The Education Challenge
for the Henry George Schools
John C. Lincoln
[Originally appeared in The Freeman,
November, 1939,
under the title "This Is Our Job"]
Most of us will agree that education is such training as will enable
the mind to perceive the actual relations behind or below what is
apparent. A good many of our educational institutions do not act on
this definition because they graduate their students on the record of
examinations which are largely memory tests.
We will all agree that the encyclopedia contains more knowledge than
any one person ever had, 'but no one would say that the encyclopedia
was educated. To illustrate, it requires no education to say that the
world is flat because all we have to do is look at it and it looks
flat, but when we see that the top sails of a ship are seen before the
hull, which is very much larger, we begin to have some question as to
whether the world is actually flat. Further education convinces us
that the world is round.
It requires no education to say that the sun revolves around the
earth because all we have to do is look at it and we see that the sun
rises in the East and sets in the West, but when we study further we
find out that what is apparently true is not actually true and that
astronomical facts can only be explained on the assumption that the
earth revolves around the sun.
It requires no education to say that an employer lessens his capital
when he pays wages because every Saturday night the wages are paid in
money and the capital that the employer had in the shape of money
before Saturday has been paid out to the employees. It requires some
education to see that what actually happened is that the employer has
not decreased his capital but has simply changed its form and that
actually wages are paid from the products of labor.
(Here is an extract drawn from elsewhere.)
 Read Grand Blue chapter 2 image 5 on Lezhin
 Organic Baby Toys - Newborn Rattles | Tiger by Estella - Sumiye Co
It requires no education to say that there are apparently too many
people on earth and that numbers can only be held down by war,
starvation, disease, in accordance with the Malthusian doctrine. It
requires some education to see that what is apparently true is not
true at all and that on the contrary given conditions in which
individuals can have access to land, that 1000 people working together
can produce a good deal more than 1000 times what a single individual
can produce and that, therefore, under proper conditions the more
people there are the more wealth each one should have.
It requires no education to assume that there is no difference in
property in a building and property in the ground on which the
building rests. The law declares that both are private property and
one is just as much private property as the other.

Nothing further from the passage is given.